I think one of the Ramones said that they didn't think they were doing anything unusual or revolutionary, they were just playing pop songs really fast. The description is even more apt for the Buzzcocks. Their fat-free set was full of sing-along choruses and giddy, revved-up pop songs. Original members Pete Shelley and Steve Diggle are looking a bit paunchy but are still adorable and had a relentless joie de vie throughout the performance.

Opening act Billy Talent was like a second-rate Fugazi tribute band with a pointlessly angry front man. A heckler called out, "Play a good song." They responded with a cover Fugazi's "Waiting Room," a more explicit nod to their most obvious influence. The heckler should have been more specific and requested that they play a good song well.

Nick Cave & the Bad Seeds, Chicago Theatre, June 21

Nick may be around the same age as the Buzzcocks, but he's as wiry as ever. He and the Bad Seeds delivered a set of intense drama. Highlights included "God is in the House," which sounded like the writings of Dr. Suess if he were southern preacher, and the escalated interpretation of "The Mercy Seat," which started slowly and quietly, creeping up to a frenzied crescendo. They closed with "Babe I'm on Fire," a song so long and densely verbose that he required one Paul (Pall?) Bearer to hold cue cards with the lyrics.

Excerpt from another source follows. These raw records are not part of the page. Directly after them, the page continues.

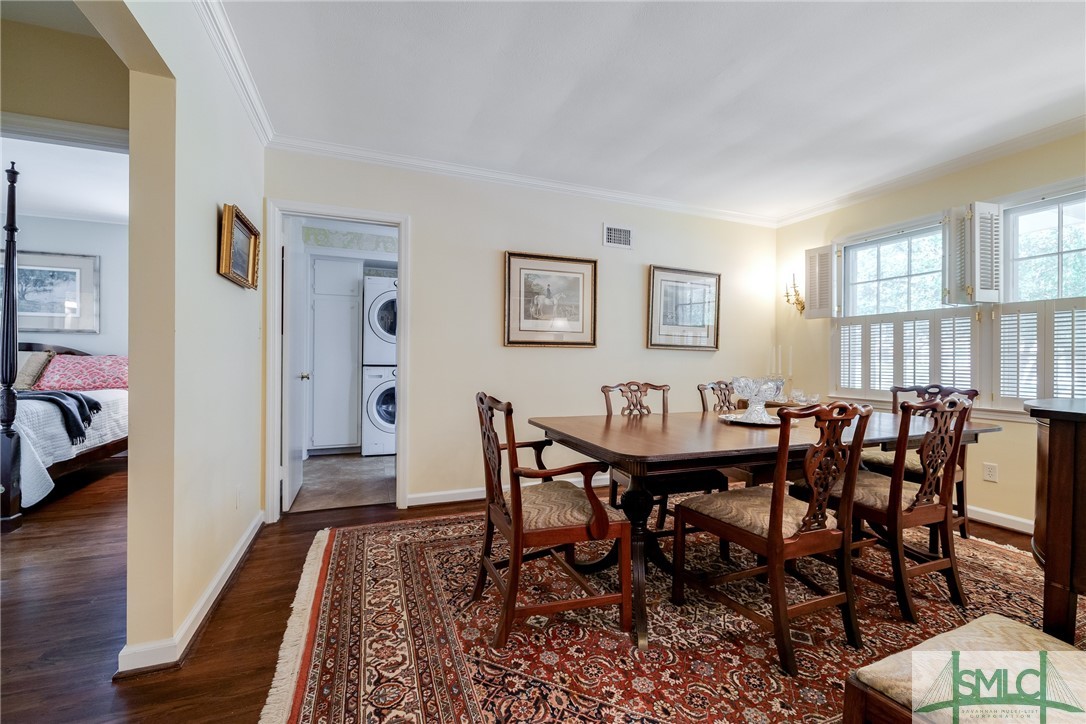 533 E 52nd Street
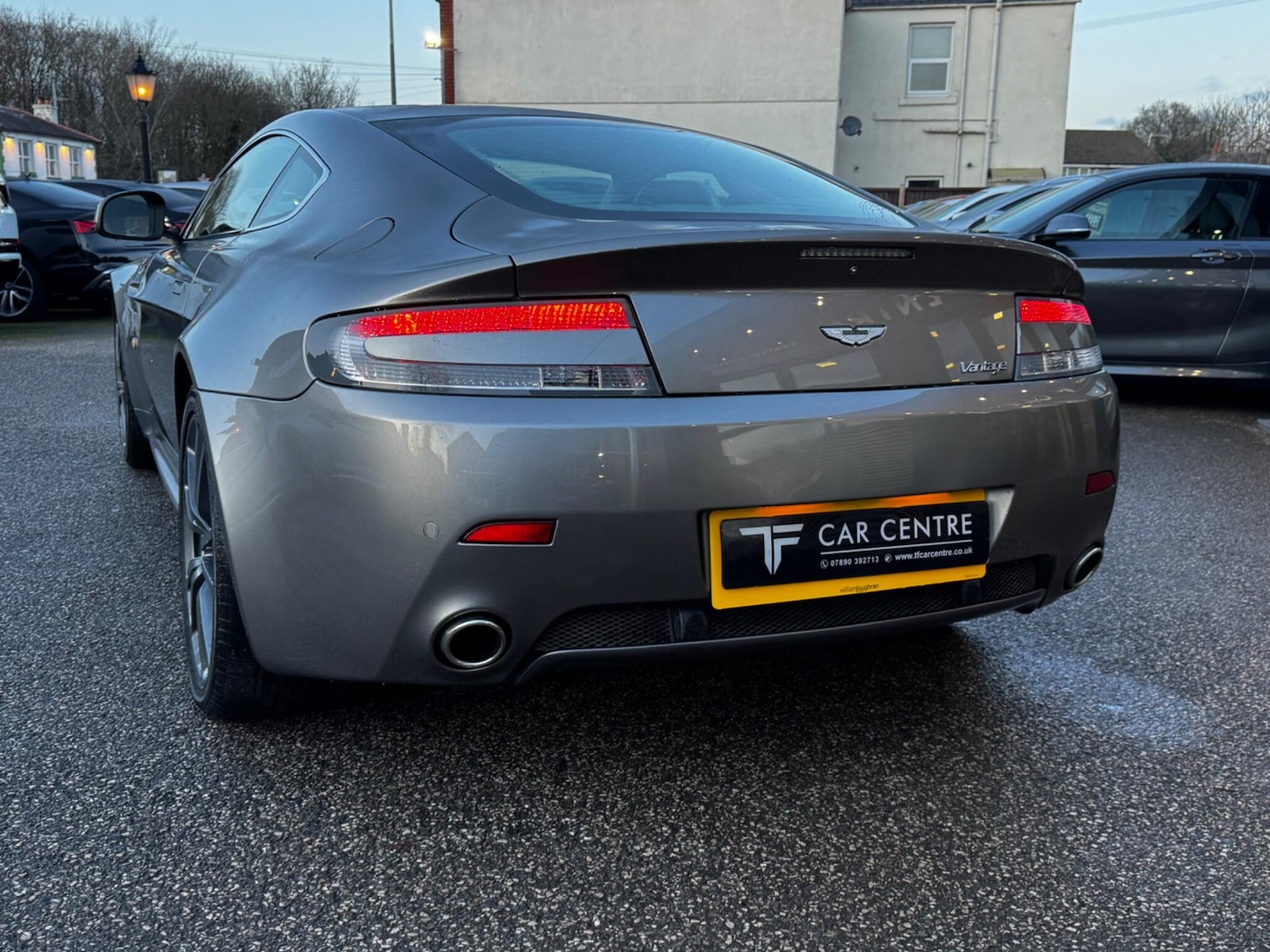Used Aston Martin Vantage 2011 for sale - 77230580: Photo 7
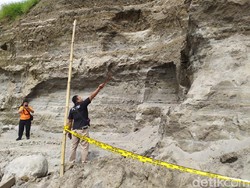 Tambang Pasir di Mojokerto yang Tewaskan Pekerjanya Ditutup
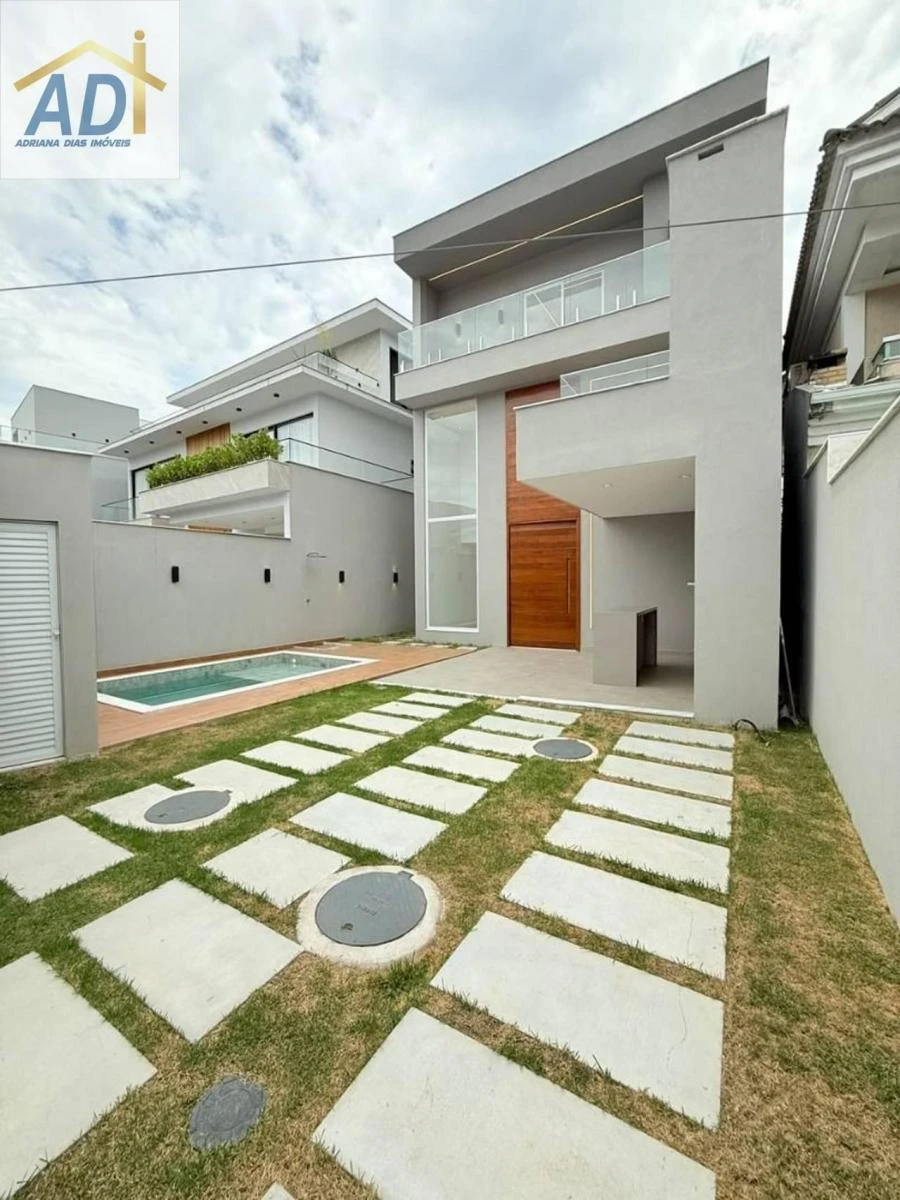 Floor-to-ceiling windows in a 6-bedroom house, 300 m² — photo 34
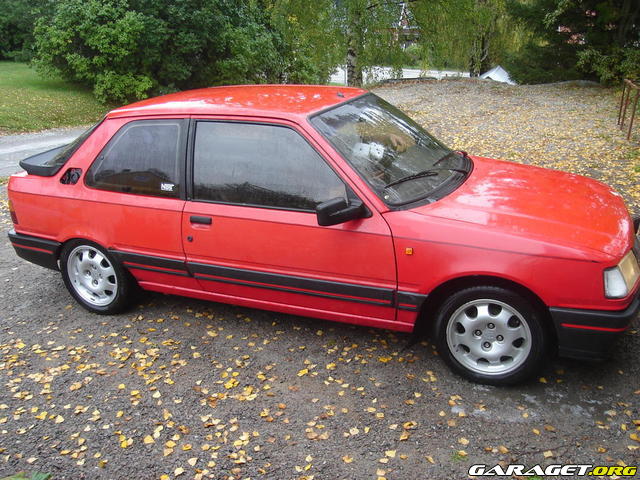 Peugeot 309 1987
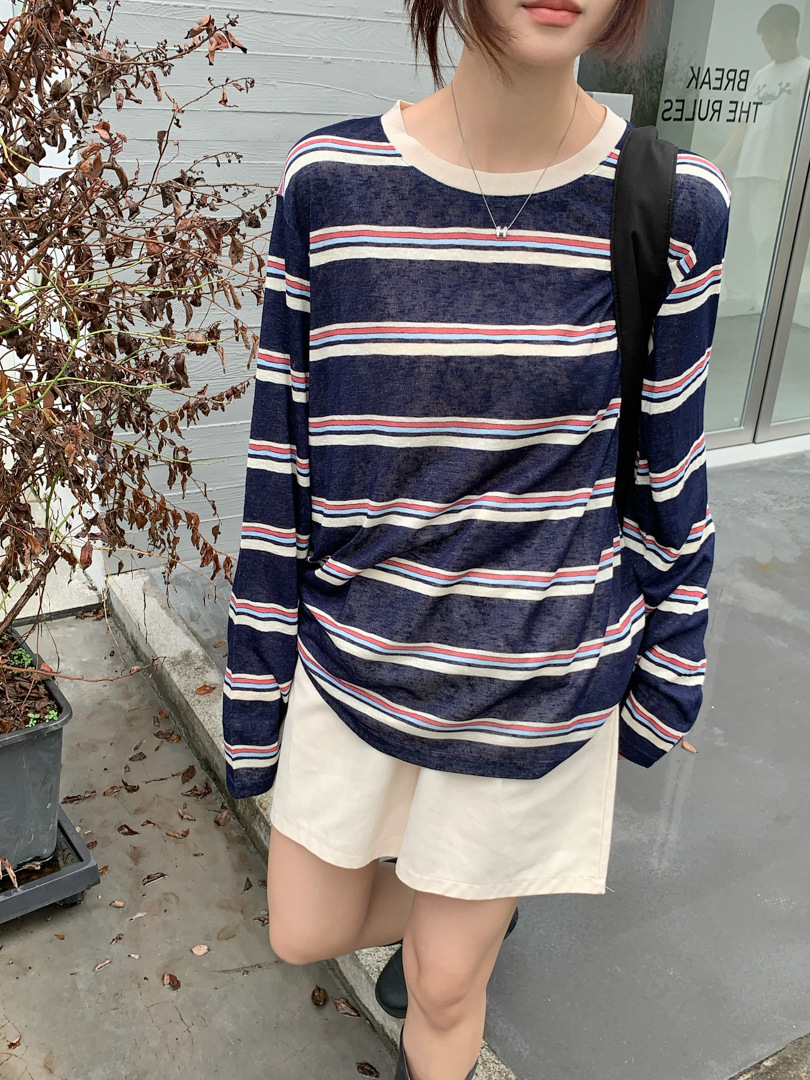 Gagd Miu Series Color-Blocking Striped Inner Layering Shirt for Women, Casual Sun-Protective Long-Sleeve T-Shirt, Versatile Thin Cover-Up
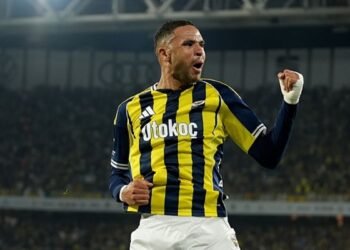Fenerbahçe’den ayrılan Youssef En-Nesyri’yi Al-Ittihad taraftarları çiçeklerle karşıladı!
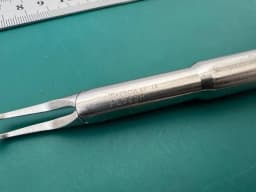 Aesculap PL525R Bulldog Removal and Application Forceps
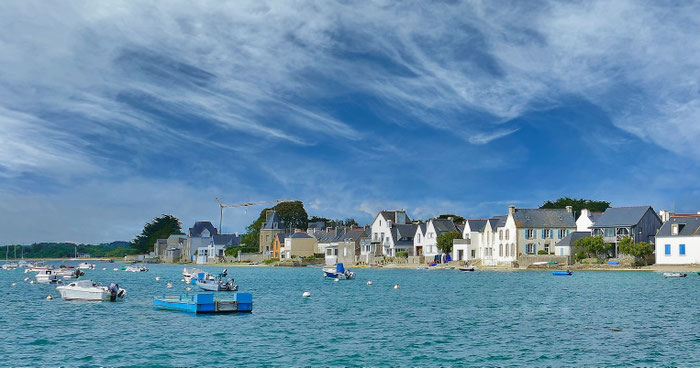 Blick auf die Île Tudy vom Wasser aus, Pays Bigouden, Loctudy, Île Tudy, Bretagne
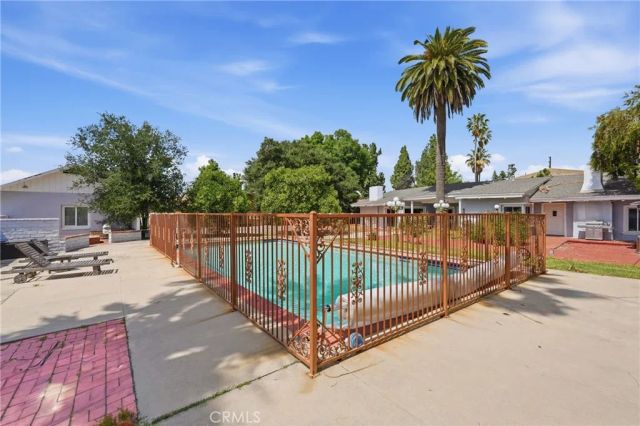 8647 Corbin Avenue, Winnetka, CA 91306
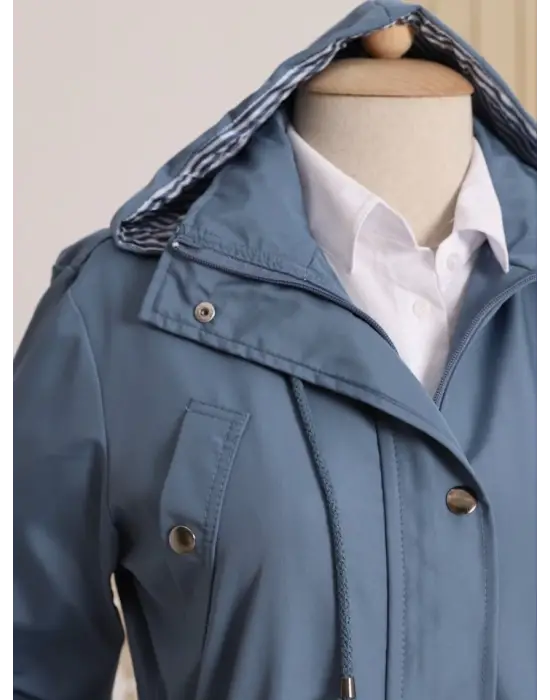 Omarı Çizgili Trençkot - İndigo Renk Seçeneği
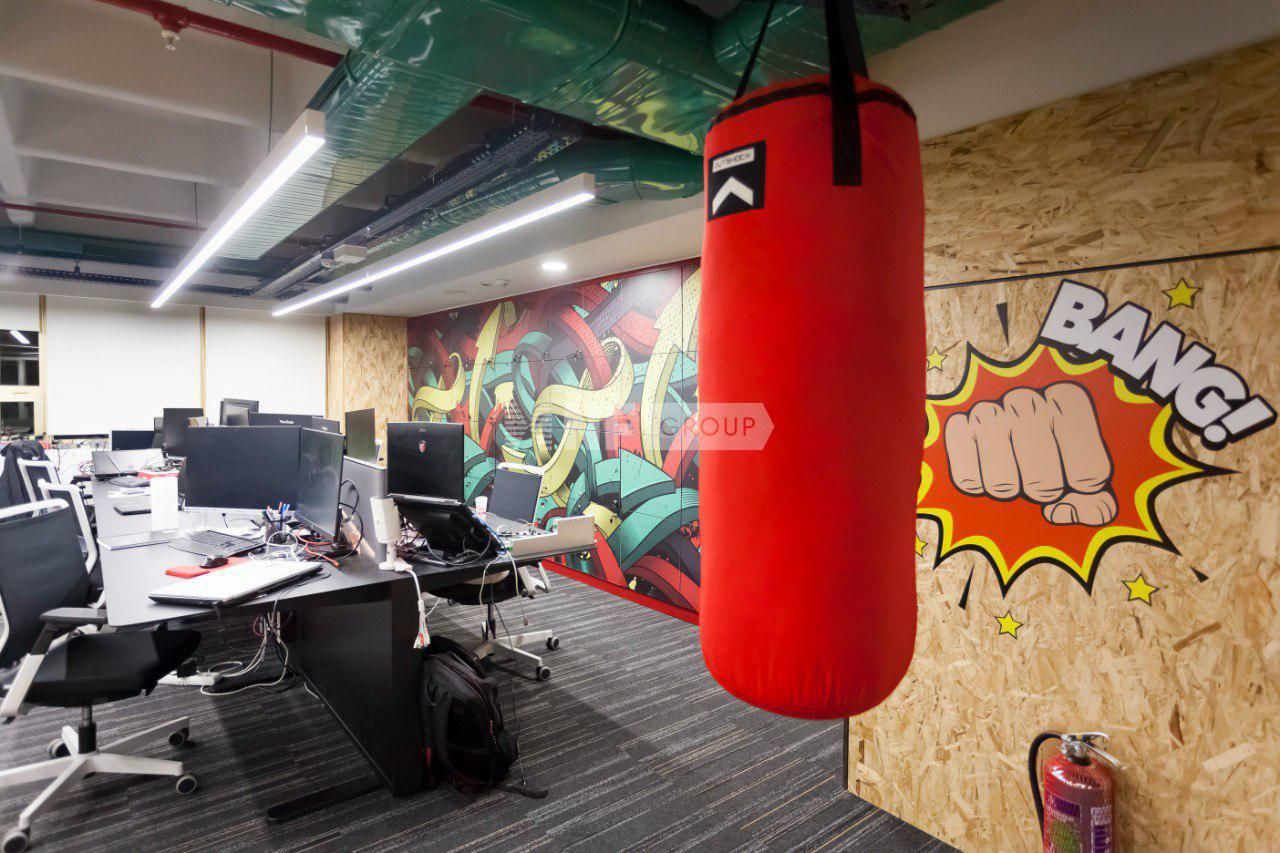 Oficina en Estambul, Turquia, 2 400 m² - imagen 3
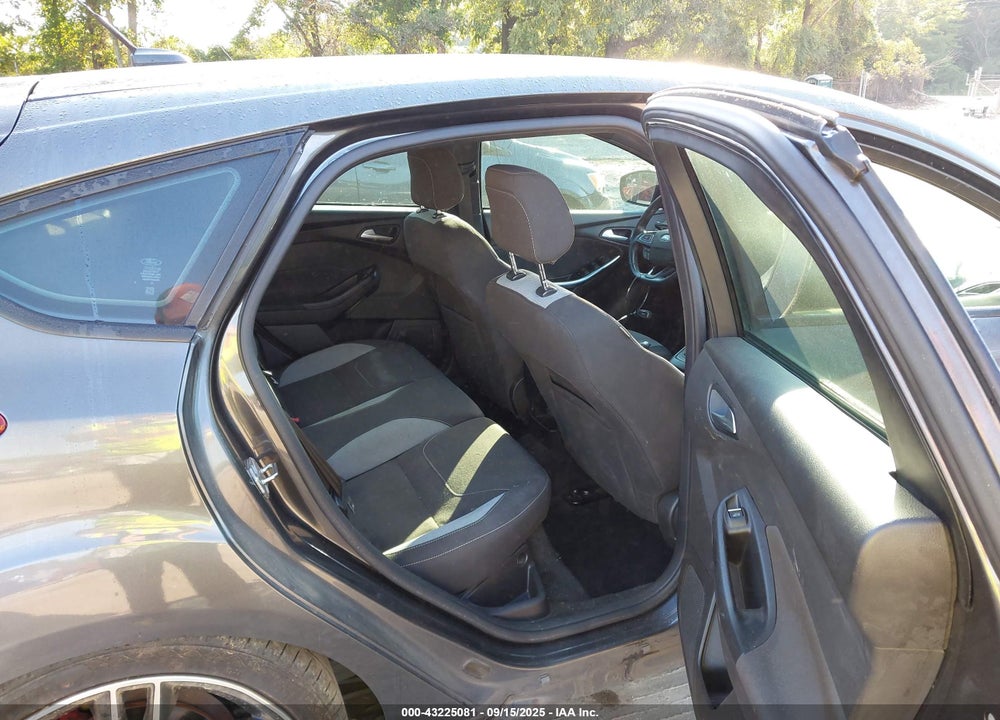 2015 FORD FOCUS ST VIN: 1FADP3L92FL327912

Cinerama, Abbey Pub, June 21

Sally Murrell, Cinerama's keyboard player and backing vocalist, no longer tours with the band. For a band founded on a more orchestral sound to differentiate them from David Gedge's old band the Wedding Present, they sound rather like the Wedding Present in concert, including David Gedge and Simon Cleave's blistering, furious twin guitar attack. They were road-testing new material but mainly focused on their (relatively) better known tunes, including "Superman" and "Quick, Before It Melts." Sally's absence and therefore the absence of her backing vocals could explain why they passed on "Wow," a stand-out song from Disco Volante, but they more than made up for it by resurrecting the Wedding Present song "Kennedy."

Early on, David informally polled the audience about whether they preferred the Abbey Pub or the Empty Bottle, where the band has played frequently in the past. He got a mixed response. Perhaps he should have asked further into the set. Unless one is in the rather limited sweet spot at the Abbey Pub, their sound system is muddy, but the Empty Bottle provides not only better viewing lines with a wider stage but livelier sound throughout the club.